The Ford government introduced its first budget yesterday. It's interesting to look at figures for the budget deficit -- which Ford claimed had put us on the road to Armageddon. Martin Regg Cohn writes:
At budget time a year ago, the Liberal government of the day announced a deficit of $6.7 billion for the 2018-19 fiscal year. In her pre-election report weeks later, the auditor general said it was $11.7 billion (partly because of an accounting dispute over the value of government assets from a pension surplus). A month later, the independent Financial Accountability Office pegged it at $12 billion.
Yet upon taking power, the Tories insisted even those higher numbers were still too low, claiming last September that the true deficit was $15 billion. But in February, miraculously, Fedeli claimed credit for bringing it back down to $13.5 billion, followed by Thursday’s budgetary boast of $11.7 billion — bringing us full circle to what the auditor predicted a year ago.
And that carbon tax -- which would be a job killer?
Despite the budget’s doomsday rhetoric about a “clear and present danger” from the carbon tax, Fedeli confirms the economy will in fact continue to grow, not shrink, as the premier claimed. The unemployment rate, which has been tracking downwards since long before the Ford-Fedeli Tories took power last year, will remain at record lows.
Turns out there will be more job-hiring than job-killing despite the killer tax.
Instead, Ontario’s economy will grow by 1.4 per cent in 2019, according to Fedeli’s budget.

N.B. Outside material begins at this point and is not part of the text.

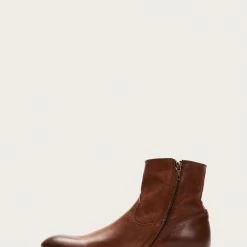 The Frye Company Bowery Inside Zip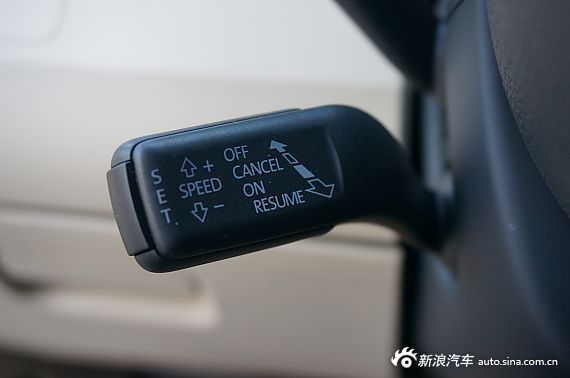 2015款一汽大众迈腾到店实拍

Even that positive number dramatically understates the consensus among the top 13 private sector forecasters consulted by the Finance Ministry, whose prediction averaged a more robust 1.8 per cent.

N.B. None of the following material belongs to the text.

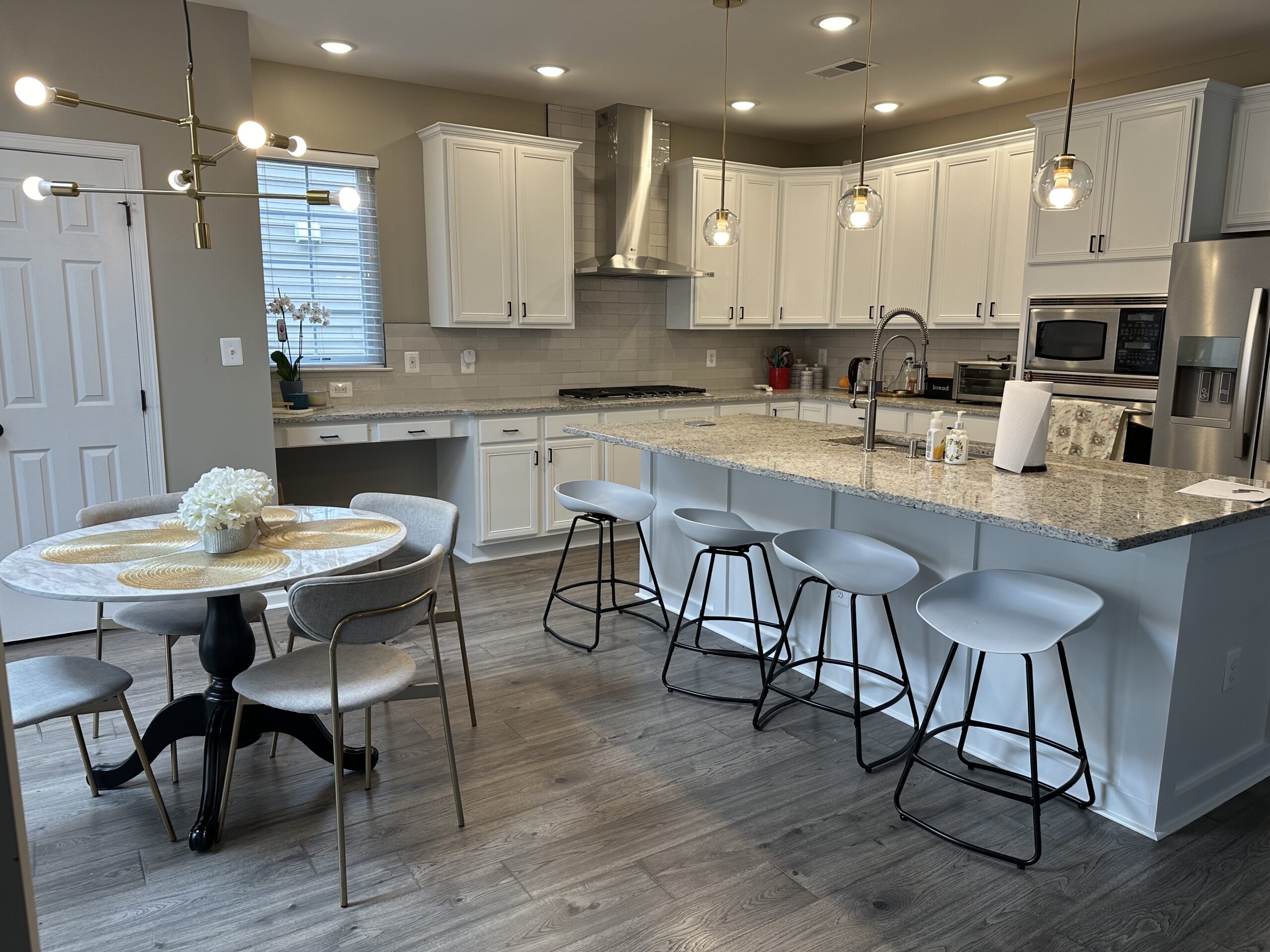 Custom Kitchen Design and Renovation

Interestingly, when Fedeli issued his fall economic statement in November, he predicted economic growth for 2019 would in fact be 1.8 per cent — precisely the private sector forecast Ontario is now ignoring. Either way — whether you trust real-world economists or the government’s own downsized prognosticators — that’s a world away from a provincial recession (defined as two consecutive quarters of negative growth).
Somebody's blowing smoke.
Image: GQ Videos
4 comments:
The auditor general was wrong about the pension accounting. Even the society of actuaries said so.

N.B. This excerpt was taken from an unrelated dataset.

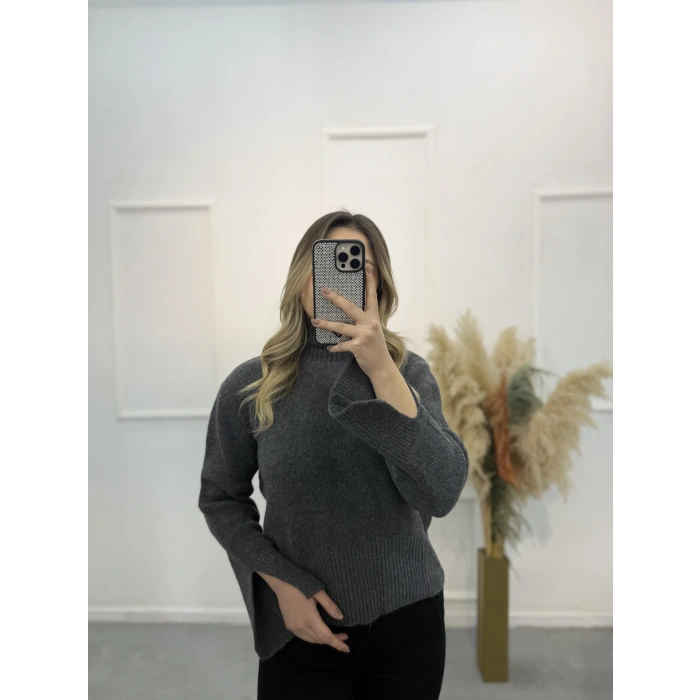 Yahrez Kolları Yırtmaçlı Triko Kazak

Regardless, I do not understand why both the Conservatives and Liberals constantly rule out raising taxes on big business. A 1% increase would go a long way to reducing or eliminating any deficit. The companies are not going to leave over 1%. Companies still do business in Europe where taxes are higher.
UU
Business pays the bills for political parties, UU. The parties won't bite the hand that feeds them.
In these difficult times, Owen, I take a measure of comfort in the fact that Regg Cohn is keeping very close tabs on these guys. The rest, of course, is up to us, the electorate.
Regg Cohn knows exactly who these folks are, Lorne. The question is: How many Ontarians have figured out what he knows.